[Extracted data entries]

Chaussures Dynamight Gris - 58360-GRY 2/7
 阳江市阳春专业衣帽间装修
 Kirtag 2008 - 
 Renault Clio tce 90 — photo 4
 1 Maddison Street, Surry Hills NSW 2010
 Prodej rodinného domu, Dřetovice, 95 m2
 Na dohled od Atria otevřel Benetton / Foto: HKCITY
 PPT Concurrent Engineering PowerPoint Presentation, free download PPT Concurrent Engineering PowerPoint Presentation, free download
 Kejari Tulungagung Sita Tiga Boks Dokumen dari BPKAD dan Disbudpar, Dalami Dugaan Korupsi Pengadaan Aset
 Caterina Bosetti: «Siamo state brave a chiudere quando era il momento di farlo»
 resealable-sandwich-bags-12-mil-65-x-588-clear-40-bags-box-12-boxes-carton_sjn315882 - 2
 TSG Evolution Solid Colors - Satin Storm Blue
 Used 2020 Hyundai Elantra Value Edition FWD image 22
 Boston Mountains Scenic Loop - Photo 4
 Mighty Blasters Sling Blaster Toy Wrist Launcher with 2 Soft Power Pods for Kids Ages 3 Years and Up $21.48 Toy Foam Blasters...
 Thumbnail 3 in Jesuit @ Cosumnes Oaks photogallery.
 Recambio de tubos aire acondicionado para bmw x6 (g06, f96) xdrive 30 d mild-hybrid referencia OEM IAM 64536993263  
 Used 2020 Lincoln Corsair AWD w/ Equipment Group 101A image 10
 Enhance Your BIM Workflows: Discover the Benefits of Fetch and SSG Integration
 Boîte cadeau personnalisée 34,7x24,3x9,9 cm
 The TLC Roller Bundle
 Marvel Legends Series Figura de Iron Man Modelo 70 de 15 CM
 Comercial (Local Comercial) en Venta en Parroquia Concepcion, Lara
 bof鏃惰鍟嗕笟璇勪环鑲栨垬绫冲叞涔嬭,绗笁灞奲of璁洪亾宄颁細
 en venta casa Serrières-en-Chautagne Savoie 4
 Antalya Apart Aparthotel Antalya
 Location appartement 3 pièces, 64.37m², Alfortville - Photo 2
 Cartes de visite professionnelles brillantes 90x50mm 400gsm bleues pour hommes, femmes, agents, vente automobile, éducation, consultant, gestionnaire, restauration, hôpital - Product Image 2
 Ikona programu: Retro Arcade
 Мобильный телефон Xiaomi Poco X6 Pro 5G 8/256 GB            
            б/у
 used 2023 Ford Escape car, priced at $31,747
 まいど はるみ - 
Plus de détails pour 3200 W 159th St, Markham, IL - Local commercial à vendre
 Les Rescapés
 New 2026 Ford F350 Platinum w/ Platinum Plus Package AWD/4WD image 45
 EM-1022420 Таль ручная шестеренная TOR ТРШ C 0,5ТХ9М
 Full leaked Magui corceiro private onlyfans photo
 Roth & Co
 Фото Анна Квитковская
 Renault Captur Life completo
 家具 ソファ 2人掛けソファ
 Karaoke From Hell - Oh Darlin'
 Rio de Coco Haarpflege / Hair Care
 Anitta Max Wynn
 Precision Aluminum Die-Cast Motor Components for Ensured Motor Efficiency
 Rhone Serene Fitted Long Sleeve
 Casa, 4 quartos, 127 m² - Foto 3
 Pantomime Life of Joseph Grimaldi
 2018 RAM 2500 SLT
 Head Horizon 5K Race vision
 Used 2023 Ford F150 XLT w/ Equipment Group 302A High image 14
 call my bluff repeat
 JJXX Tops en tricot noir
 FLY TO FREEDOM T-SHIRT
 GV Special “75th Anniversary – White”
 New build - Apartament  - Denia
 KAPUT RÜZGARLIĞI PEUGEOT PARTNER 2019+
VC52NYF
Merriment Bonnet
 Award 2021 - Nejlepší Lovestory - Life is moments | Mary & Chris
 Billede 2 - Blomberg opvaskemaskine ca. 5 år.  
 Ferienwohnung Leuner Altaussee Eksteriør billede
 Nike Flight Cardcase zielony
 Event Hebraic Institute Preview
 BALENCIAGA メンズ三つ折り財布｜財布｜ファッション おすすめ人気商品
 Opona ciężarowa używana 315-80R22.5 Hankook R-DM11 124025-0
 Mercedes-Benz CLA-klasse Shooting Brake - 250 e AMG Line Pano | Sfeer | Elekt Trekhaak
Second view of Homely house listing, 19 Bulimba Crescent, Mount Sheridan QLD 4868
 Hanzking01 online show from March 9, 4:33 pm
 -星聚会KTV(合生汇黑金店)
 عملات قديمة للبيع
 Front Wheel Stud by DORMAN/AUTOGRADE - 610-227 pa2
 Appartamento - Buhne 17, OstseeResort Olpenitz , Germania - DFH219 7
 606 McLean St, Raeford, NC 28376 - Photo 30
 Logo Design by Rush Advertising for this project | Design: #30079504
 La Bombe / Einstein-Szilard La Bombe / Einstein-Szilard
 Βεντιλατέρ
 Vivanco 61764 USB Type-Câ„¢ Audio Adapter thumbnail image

**AIM OF THE TASK**
Your answer should consist only of the lines above between the line holding "Mighty Blasters Sling" and the line holding "Location appartement 3", inclusive, each transcribed exactly.

**EXERCISE SOLUTION**
 Mighty Blasters Sling Blaster Toy Wrist Launcher with 2 Soft Power Pods for Kids Ages 3 Years and Up $21.48 Toy Foam Blasters...
 Thumbnail 3 in Jesuit @ Cosumnes Oaks photogallery.
 Recambio de tubos aire acondicionado para bmw x6 (g06, f96) xdrive 30 d mild-hybrid referencia OEM IAM 64536993263  
 Used 2020 Lincoln Corsair AWD w/ Equipment Group 101A image 10
 Enhance Your BIM Workflows: Discover the Benefits of Fetch and SSG Integration
 Boîte cadeau personnalisée 34,7x24,3x9,9 cm
 The TLC Roller Bundle
 Marvel Legends Series Figura de Iron Man Modelo 70 de 15 CM
 Comercial (Local Comercial) en Venta en Parroquia Concepcion, Lara
 bof鏃惰鍟嗕笟璇勪环鑲栨垬绫冲叞涔嬭,绗笁灞奲of璁洪亾宄颁細
 en venta casa Serrières-en-Chautagne Savoie 4
 Antalya Apart Aparthotel Antalya
 Location appartement 3 pièces, 64.37m², Alfortville - Photo 2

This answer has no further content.